▶ _Your objective_: Lines from the beginning of the material below through the line that has "and Cheer Smiling" are to be reproduced exactly, but pictures are not.

+--

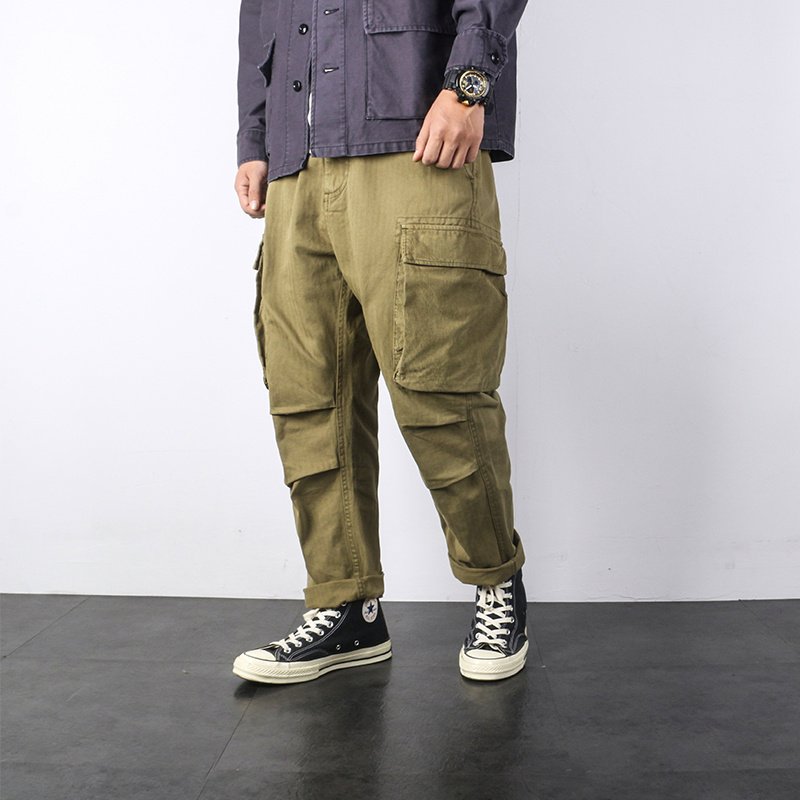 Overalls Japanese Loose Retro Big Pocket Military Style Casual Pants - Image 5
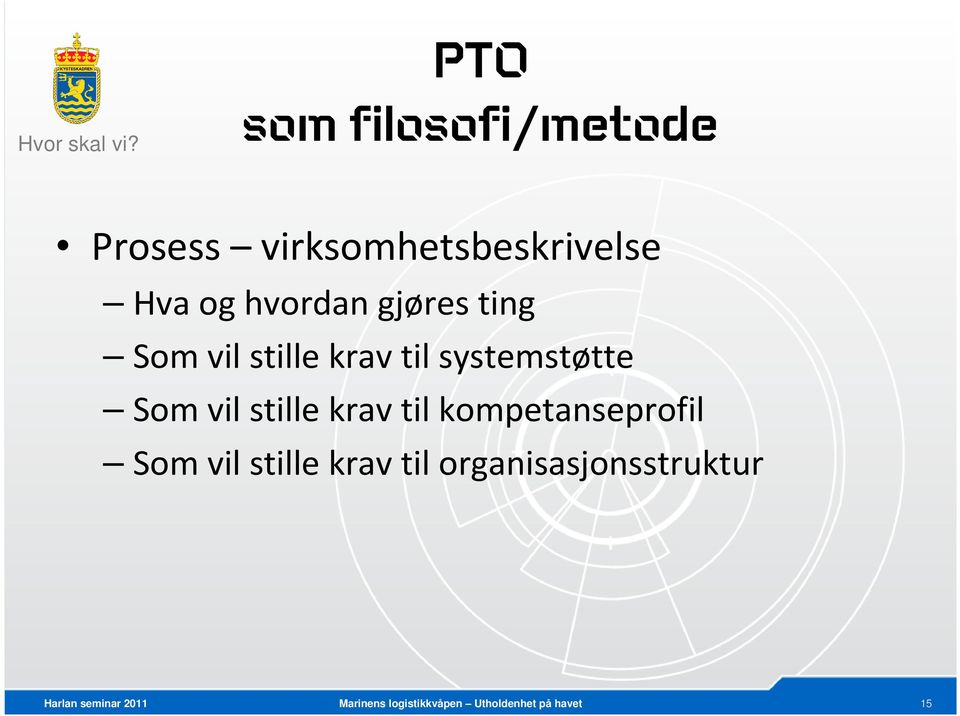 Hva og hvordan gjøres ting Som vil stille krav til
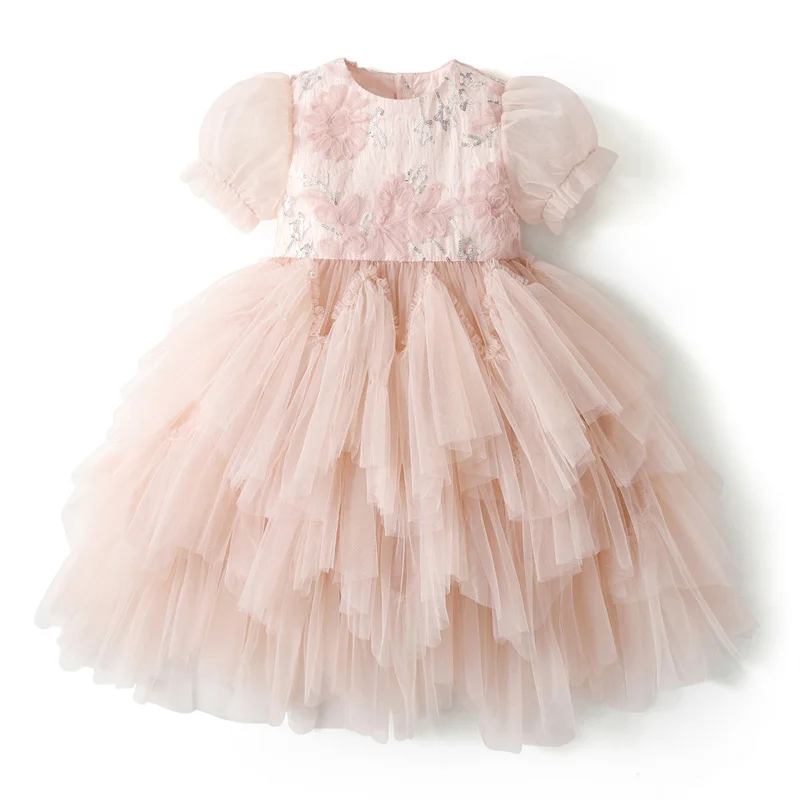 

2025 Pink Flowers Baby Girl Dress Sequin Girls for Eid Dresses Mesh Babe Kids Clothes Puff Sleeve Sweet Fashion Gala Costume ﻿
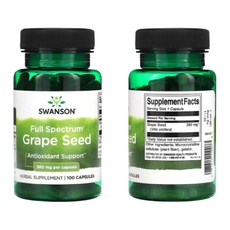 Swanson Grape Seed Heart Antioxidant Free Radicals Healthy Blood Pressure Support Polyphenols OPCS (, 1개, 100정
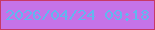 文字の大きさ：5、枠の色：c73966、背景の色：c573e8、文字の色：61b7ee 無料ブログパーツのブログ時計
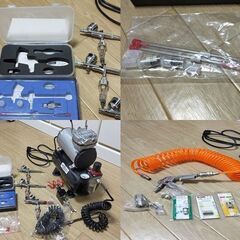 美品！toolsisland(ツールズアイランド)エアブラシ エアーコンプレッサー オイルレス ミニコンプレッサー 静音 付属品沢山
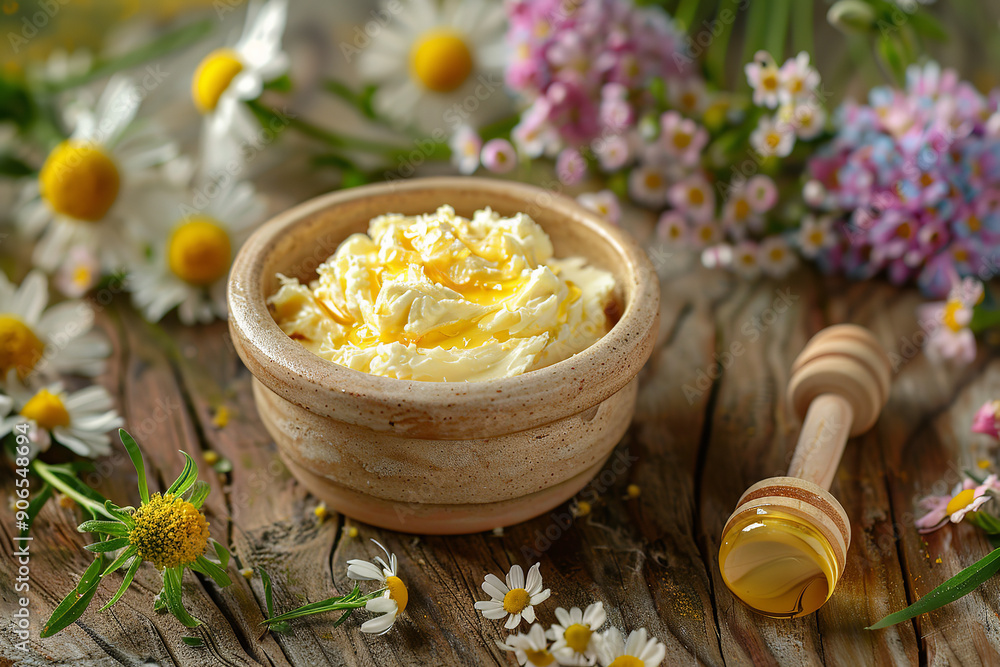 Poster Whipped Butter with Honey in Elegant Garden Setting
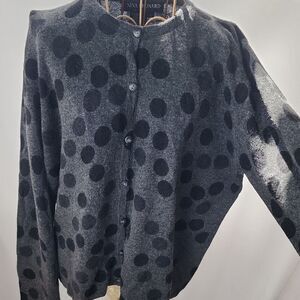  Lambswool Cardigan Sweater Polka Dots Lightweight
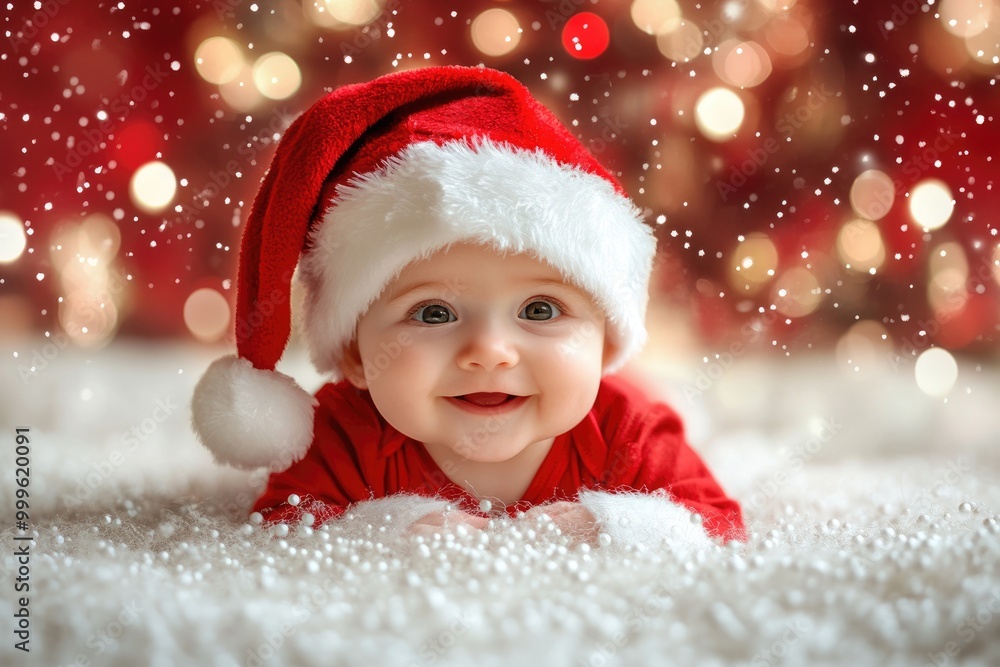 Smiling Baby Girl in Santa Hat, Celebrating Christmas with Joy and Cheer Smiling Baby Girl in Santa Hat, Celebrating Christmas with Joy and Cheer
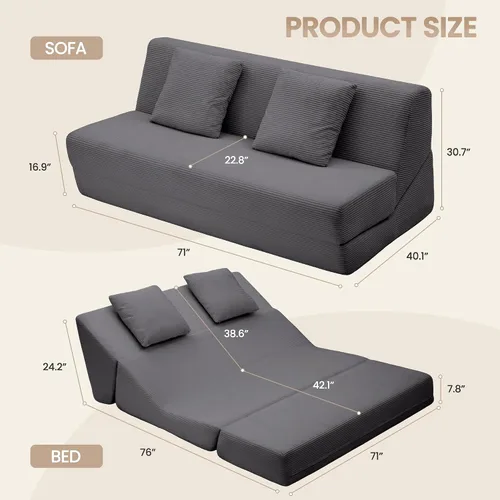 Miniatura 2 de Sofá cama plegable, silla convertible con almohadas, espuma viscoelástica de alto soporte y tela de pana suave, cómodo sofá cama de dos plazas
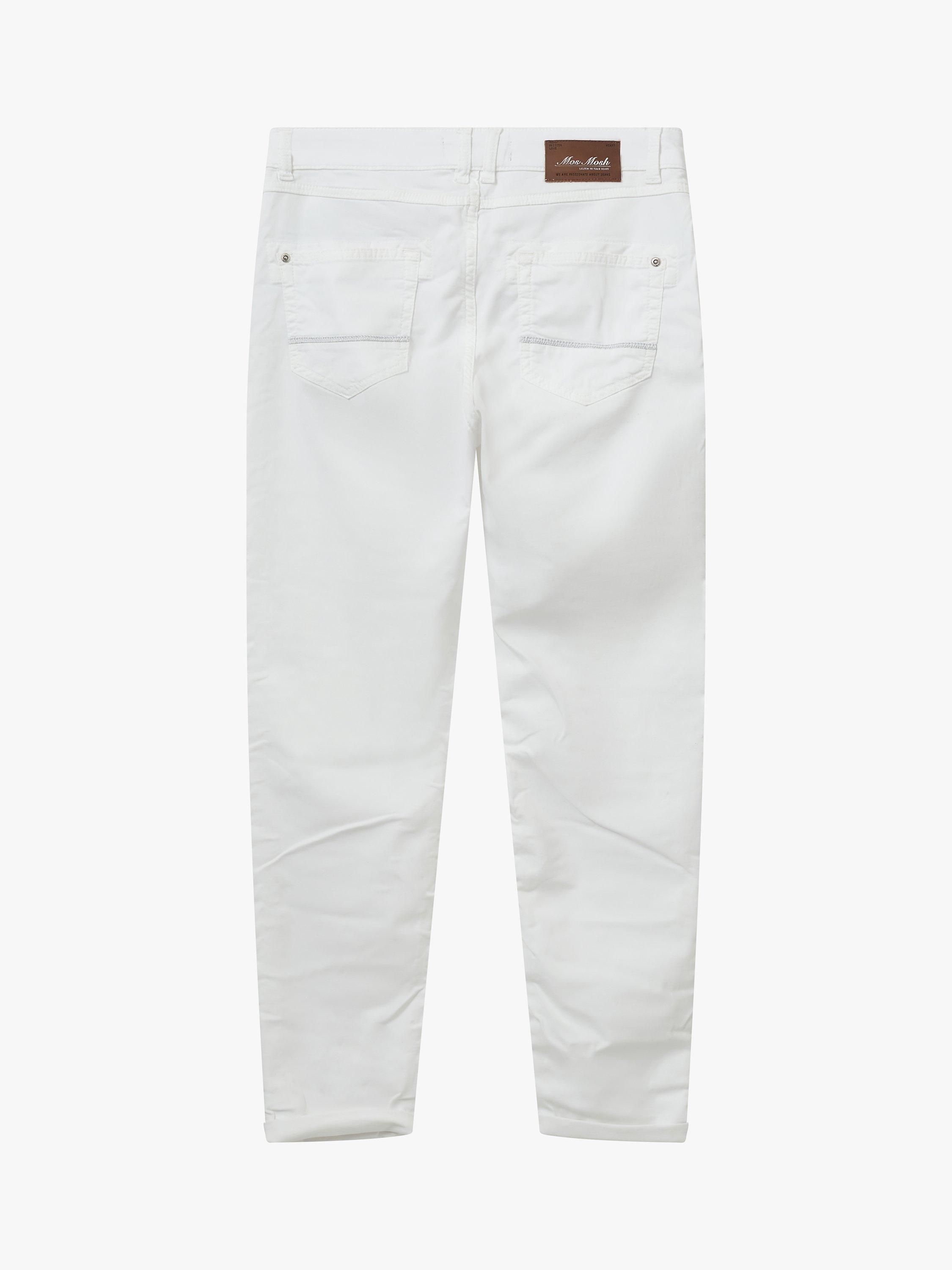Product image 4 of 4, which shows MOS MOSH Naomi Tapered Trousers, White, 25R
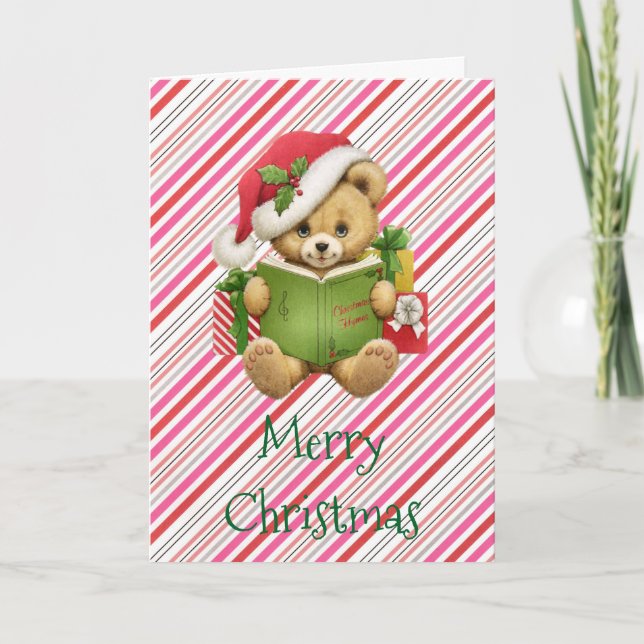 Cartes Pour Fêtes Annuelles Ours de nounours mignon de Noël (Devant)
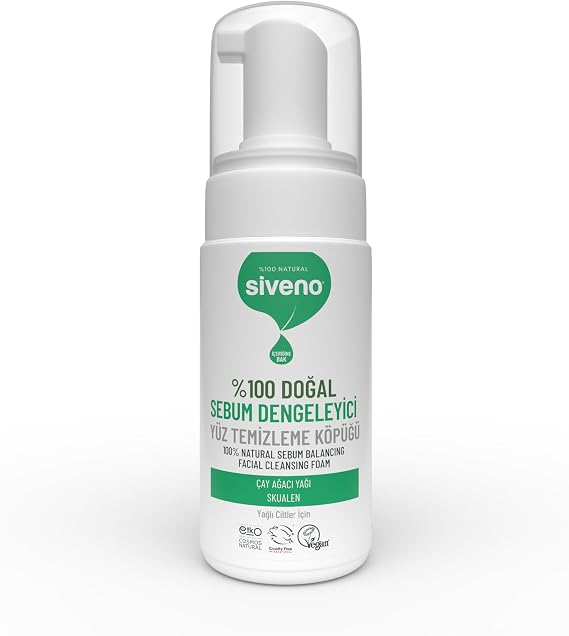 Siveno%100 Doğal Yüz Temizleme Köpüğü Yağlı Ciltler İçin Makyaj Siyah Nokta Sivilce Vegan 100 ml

+--

▶ _Written reply_:
 Overalls Japanese Loose Retro Big Pocket Military Style Casual Pants - Image 5
 Hva og hvordan gjøres ting Som vil stille krav til

2025 Pink Flowers Baby Girl Dress Sequin Girls for Eid Dresses Mesh Babe Kids Clothes Puff Sleeve Sweet Fashion Gala Costume ﻿
 Swanson Grape Seed Heart Antioxidant Free Radicals Healthy Blood Pressure Support Polyphenols OPCS (, 1개, 100정
 文字の大きさ：5、枠の色：c73966、背景の色：c573e8、文字の色：61b7ee 無料ブログパーツのブログ時計
 美品！toolsisland(ツールズアイランド)エアブラシ エアーコンプレッサー オイルレス ミニコンプレッサー 静音 付属品沢山
 Poster Whipped Butter with Honey in Elegant Garden Setting
  Lambswool Cardigan Sweater Polka Dots Lightweight
 Smiling Baby Girl in Santa Hat, Celebrating Christmas with Joy and Cheer Smiling Baby Girl in Santa Hat, Celebrating Christmas with Joy and Cheer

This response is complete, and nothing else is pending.